- Born: 27 August 2008 (age 18)

Gymnastics career
- Discipline: Rhythmic gymnastics
- Country represented: Kazakhstan (2021-present)
- Club: Sports School of Olympic Reserve No.1
- Head coach: Meruyert Balginbayeva
- Medal record
Rhythmic gymnastics
Representing Kazakhstan
| Event | 1st | 2nd | 3rd |
| FIG World Cup | 0 | 0 | 2 |
| Total | 0 | 0 | 2 |
Asian Championships
| Gold medal – first place | 2025 Singapore | All-Around |
| Gold medal – first place | 2025 Singapore | 3 Balls & 2 Hoops |
| Silver medal – second place | 2025 Singapore | Team |
| Silver medal – second place | 2025 Singapore | 5 Ribbons |
| Silver medal – second place | 2026 Bishkek | Team |
| Silver medal – second place | 2026 Bishkek | 5 Balls |
| Silver medal – second place | 2026 Bishkek | 3 Hoops & 2 Clubs |
Junior Asian Championships
| Gold medal – first place | 2023 Manila | 5 Ropes |
| Gold medal – first place | 2023 Manila | 5 Balls |
| Silver medal – second place | 2023 Manila | Group All-Around |
| Silver medal – second place | 2023 Manila | Team |

= Jasmine Junusbayeva =

Kazakh rhythmic gymnast

Jasmine Junusbayeva (Kazakh: Жасмин Жүнісбаева; born 27 August 2008) is a Kazakh rhythmic gymnast.
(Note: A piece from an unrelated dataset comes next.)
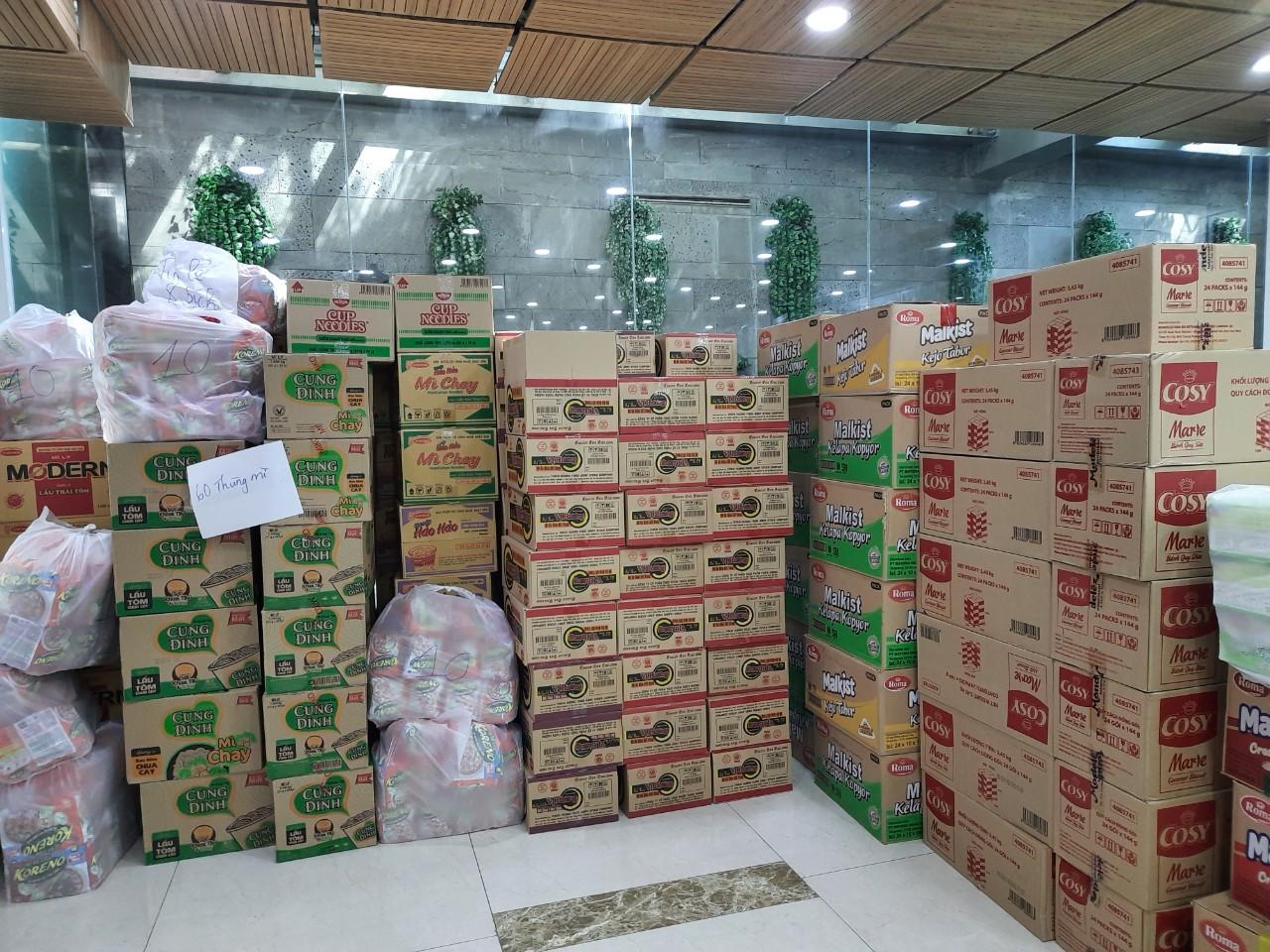 Lãnh sự danh dự Cộng hòa Nam Phi hỗ trợ các bệnh viện dã chiến của Quân đội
She represents Kazakhstan in international competitions as part of the national group.

== Biography ==

=== Junior ===
Junusbayeva entered the Kazakh national team in 2021, being called up to join the junior group. In April she took part in the Sofia Cup.
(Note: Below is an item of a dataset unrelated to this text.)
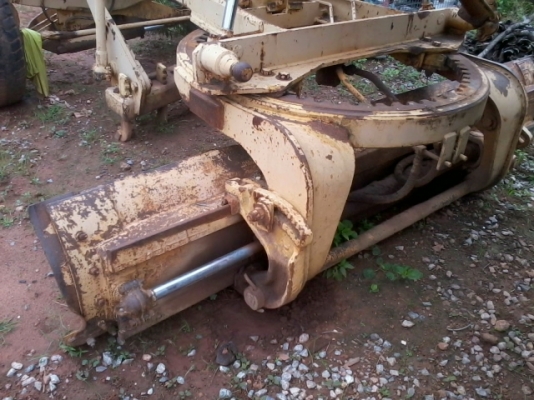 ขายรถเกรดเดอร์ โคมัสซุ GD31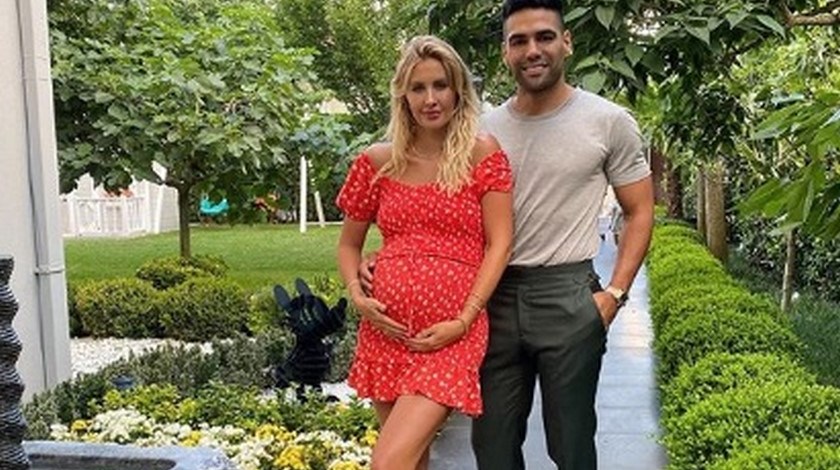 FOTO ¡’Inolvidable’ momento! Falcao García acompañó a su hija menor al primer día de colegio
At the 2023 Asian Championships she won gold in the two event finals as well as silver in teams and in the All-Around. She then competed at the 2nd Junior World Championships in Cluj-Napoca along Kristina Chepulskaya, Aida Khakimzhanova, Madina Myrzabay and Aizere Nurmagambetova. There they were 9th in the All-Around, 10th with 5 ropes, 11th with 5 balls and 9th in teams.

=== Senior ===
After becoming age eligible for senior competitions in 2024 she was called up to form the new Kazakh senior group in 2025. She made her debut in March at the Aphrodite Cup in Athens, winning the All-Around. In April the group took part in the World Cup in Baku, finishing 8th overall, 11th with 3 balls & 2 hoops and winning bronze with 5 ribbons. A week later, in Tashkent, they won again bronze with 5 ribbons while taking 5th place in the All-Around and 5th in the mixed final. In May it was announced that she had been called up to compete at the Asian Championships. In Singapore the group won gold in the All-Around and with 3 balls & 2 hoops, silver in teams and with 5 ribbons. At the end of the month she and her group mates won nationals among groups. In July she participated in the World Cup in Cluj-Napoca, being 13th overall, 14th with 5 ribbons and 11th with 3 balls & 2 hoops. In August, she competed at the 2025 World Championships in Rio de Janeiro, alongside Kristina Chepulskaya, Aizere Kenges, Aida Khakimzhanova, Madina Myrzabay and Aizere Nurmagambetova. They were 17th in All-Around, 18th with 5 ribbons and 14th with 3 balls & 2 hoops.